Now we feed the whole set into the network and the network will perform the segregration of sets. The query image is then reconstructed in accordance to a given viewpoint and a representation vector that has been generated only by the context set.

In [187]:
f, (ax1, ax2, ax3) = plt.subplots(1, 3, figsize=(12, 7))

x_mu, r, kl = model(x_c[scene_id].unsqueeze(0), 
                    v_c[scene_id].unsqueeze(0), 
                    x_q[scene_id].unsqueeze(0),
                    v_q[scene_id].unsqueeze(0))

x_mu = x_mu.squeeze(0)
r = r.squeeze(0)

ax1.imshow(x_q[scene_id].data.permute(1, 2, 0))
ax1.set_title("Query image")
ax1.axis("off")

ax2.imshow(x_mu.data.permute(1, 2, 0))
ax2.set_title("Reconstruction")
ax2.axis("off")

ax3.imshow(r.data.view(16, 16))
ax3.set_title("Representation")
ax3.axis("off")

plt.show()

Visualising representation

We might be interested in visualising the representation as more context points are introduced. The representation network $\phi(x_i, v_i)$ generates a single representation for a context point $(x_i, v_i)$ which is then aggregated (summed) for each context point to generate the final representation.

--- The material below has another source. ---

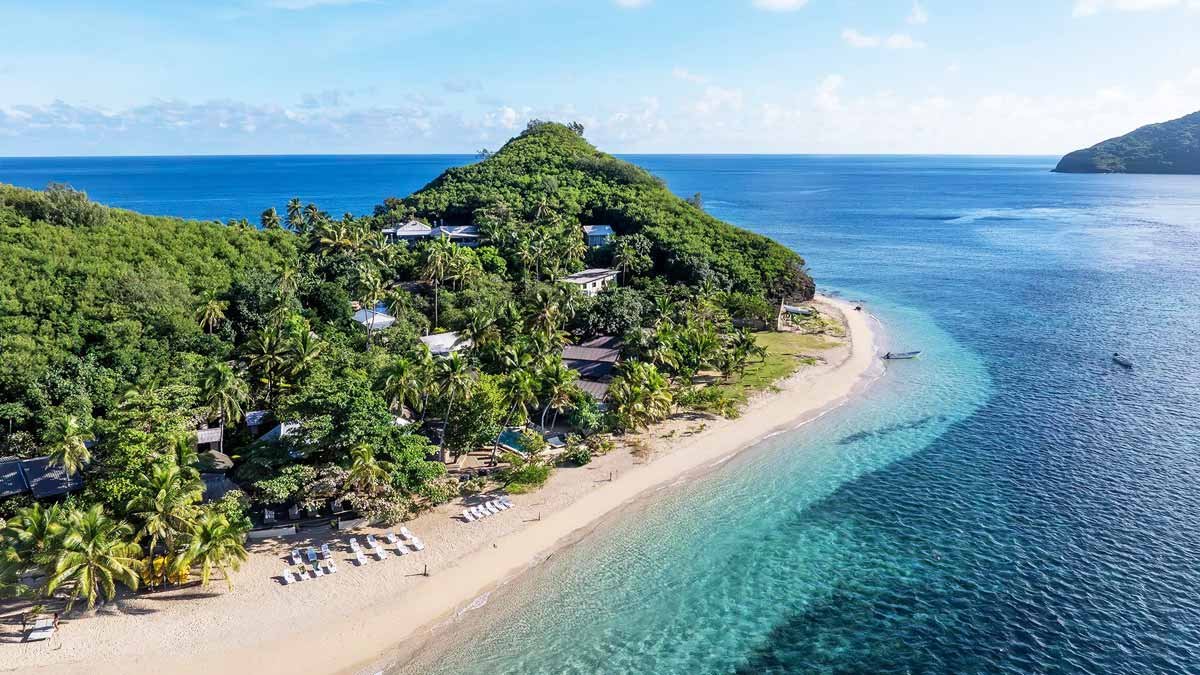 Mantaray Island Resort along a palm-lined beach beside the house reef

Below, we see how adding more context points creates a less sparse representation.

In [188]:
f, axarr = plt.subplots(1, 7, figsize=(20, 7))

r = torch.zeros(128, 256, 1, 1)

for i, ax in enumerate(axarr.flat):
    phi = model.representation(x_c[:, i], v_c[:, i])
    r += phi
    ax.imshow(r[scene_id].data.view(16, 16))
    ax.axis("off")
    ax.set_title("#Context points: {}".format(i+1))

Sample from the prior.

Because we use a conditional prior density $\pi(z|y)$ that is parametrised by a neural network, we should be able to continuously refine it during training such that if $y = (v, r)$ we can generate a sample from the data distrbution by sampling $z \sim \pi(z|v,r)$ and sending it through the generative model $g_{\theta}(x|z, y)$.

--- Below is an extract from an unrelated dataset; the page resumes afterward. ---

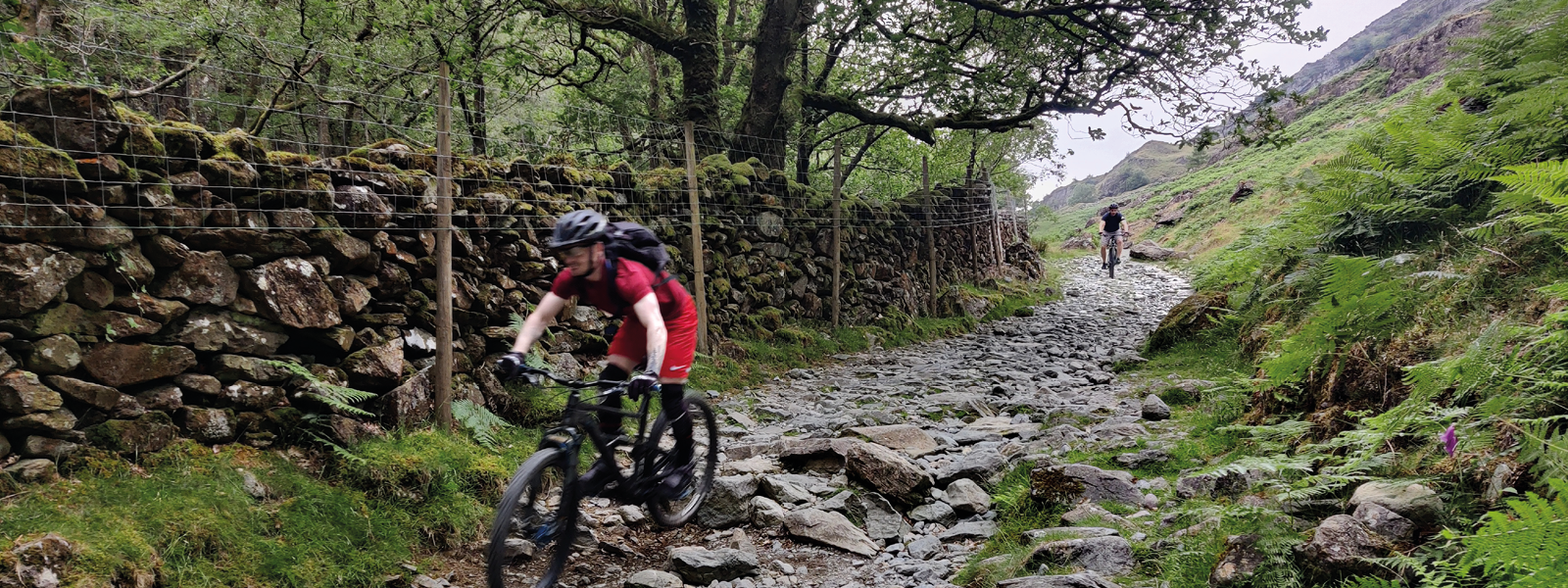 Two mountain bikers riding along a rocky path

This means that we can give a number of context points along with a query viewpoint and generate a new image.

In [189]:
# Create progressively growing context set
batch_size, n_views, c, h, w = x_c.shape

f, axarr = plt.subplots(1, num_samples, figsize=(20, 7))
for i, ax in enumerate(axarr.flat):
    x_ = x_c[scene_id][:i+1].view(-1, c, h, w)
    v_ = v_c[scene_id][:i+1].view(-1, 7)
    
    phi = model.representation(x_, v_)
    
    r = torch.sum(phi, dim=0)
    x_mu = model.generator.sample((h, w), v_q[scene_id].unsqueeze(0), r)
    ax.imshow(x_mu.squeeze(0).data.permute(1, 2, 0))
    ax.set_title("Context points: {}".format(i))
    ax.axis("off")

Mental rotation task

As an extension to the above mentioned sampling procedure, we can perform the mental rotation task by continuously sampling from the prior given a static representation $r$ and then varying the query viewpoint vector $v^q$ between each sample to "rotate the object".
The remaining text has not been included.